During the review period, the Nigerian economy experienced periods of excessive inflation, causing yields on bills and bonds to lag behind. Bonds and bills produced a negative real return. If appropriate inflation management measures are implemented, Nigeria’s long-term inflation rate is expected to decline from its 35-year average of 18.20%.
According to this research, despite the higher rate of return on equities, the significant decline in the market over the past fifteen years has resulted in a reduction in terminal portfolio levels for biased equity portfolios. With negative returns on bills and bonds over the past 35 years, portfolio managers may need to rethink their asset choices.
What do Nigerians currently hold?
According to the report, “Financial assets in Nigeria held by mutual fund managers and PFAs are currently unbalanced with a bias in favor of bonds and similar instruments. This type of pronounced allocation is problematic because it conflicts with long-term empirical asset returns and may lead to reduced levels of final wealth for retirees if the equity asset class performs better over the years. next two decades.

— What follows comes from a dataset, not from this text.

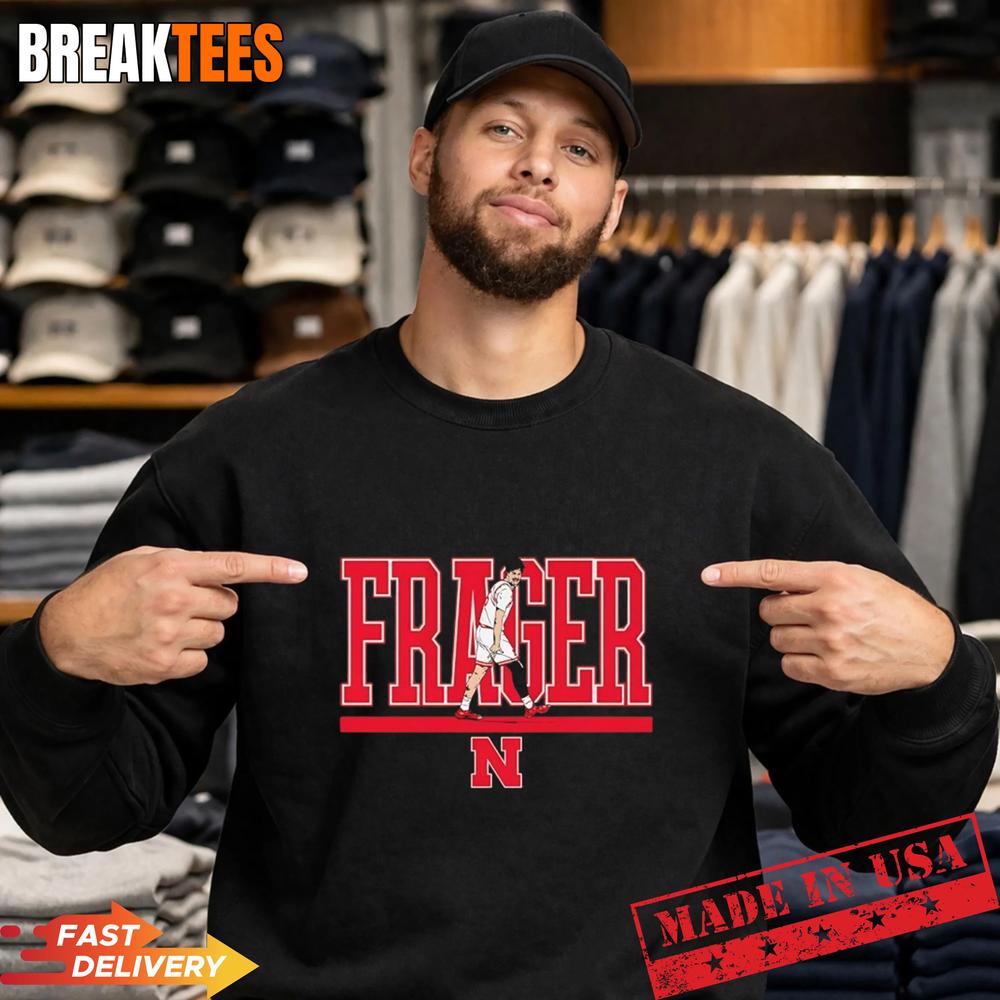 Braden Frager Name Pose Nebraska Cornhuskers Basketball Shirt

Nigerian Style Asset Allocations Today
In Nigeria, equity contributions to pension assets have increased from 30% to 9% over the previous 13 years. The current rules given by PENCOM to fund administrators show a bias for government securities. Should a government regulator be biased in favor of government securities, although historical real returns for the asset class have been detrimental? PENCOM’s current investment standards set a global limit of 70% in government securities for Fund II assets. Prior to 2010, the overall limit for investments in retirement savings accounts was 100%, according to Itodo (2014).

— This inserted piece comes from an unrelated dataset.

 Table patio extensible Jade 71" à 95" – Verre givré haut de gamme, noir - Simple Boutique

For the past 35 years, the simplest approach for Nigerians has been to invest primarily in debt securities in the hope of increasing contributions to their portfolio. A more sophisticated system incorporating a bond and an option, known as PPN (Principal Protected Notes) beats the debt-only strategy because it captures the best stock returns while avoiding the large drawdowns suffered in 2008 and beyond. . The PPN strategy also has the largest cash return multiple of any equity or debt allocation approach.

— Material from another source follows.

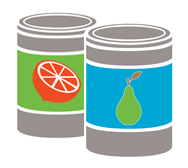 A colorful illustration of two canned goods filled with fruit.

What do we know about the historical world and Nigerian asset returns?
According to the report, in 2019, a group of researchers released “a rate of return on everything,” the results revealed that in 16 advanced economies since 1950, stocks have generated the highest rate of return, followed by housing with government bills returning the lowest rate of return. The shares returned in absolute terms 9.45% per year. The researchers’ work covered a period from 1870 to 2015, with returns reported in dollars.
For “world returns”, before 1950, housing offered the highest rate of return to investors or asset owners. If the history of the last 145 years were to repeat itself, the rates of return presented would have to repeat themselves with a slight variation.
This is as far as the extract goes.